From 1321 until his death, he held the office of Bishop himself.
He often consulted the Estates about issues regarding the worldly reign of his bishopric and this gave him a strong position. In 1309, a standing council was created, composed of four canons and ministeriales and two citizens from Paderborn and two from Warburg.
Bernard promulgated a statue obliging him to take the advice from this council into accountant His statue defining the interplay between the Bishop, the cathedral chapter, the Estates and the citizens would shape the territory for a long time.

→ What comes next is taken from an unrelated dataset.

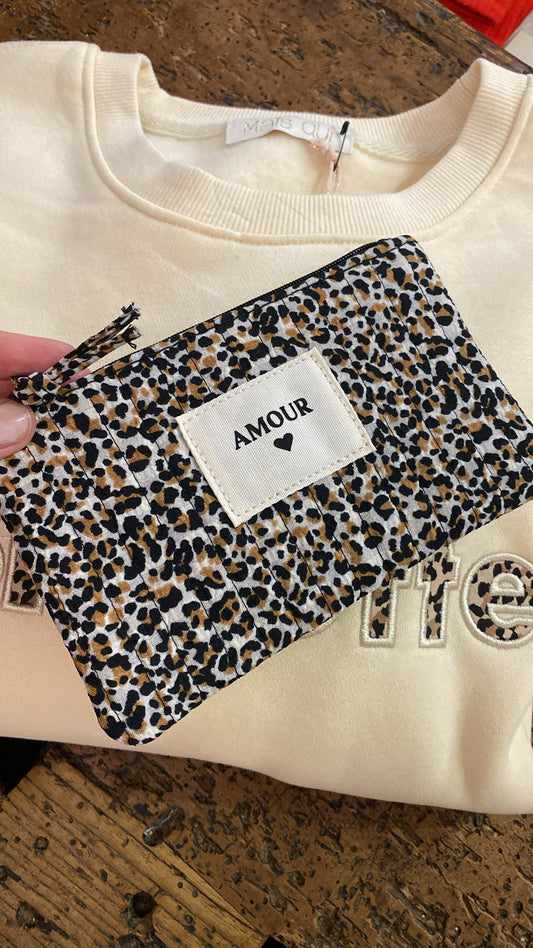 Pochette in tessuto maculato con etichetta amour cucita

He consolidated the principality"s sovereignty by promoting the cities in the bishopric, by purchasing the larger part of the town of Brakel and by founding the cities of Dringenberg and Peckelsheim.
Paderborn became one of the wealthiest cities in Westphalia. Bernard strengthened Marienmünster Abbey and the market towns of Vörden, Bredenborn and the town of Beverungen with financial donations. To finance his activities, Bernard used both tax money and his own money.
After the food crisis of 1316/1317, an economic crisis ensued.
In 1326, this forced Bernard to close a deal with the cathedral chapter and the Estates. Known as the Privilegium Bernhardi, it obliged the Bishop to consult with the Estates before levying taxes.
The Estates promised to grant such requests when they were necessary.
Bernhard was a member of the House of Lippe.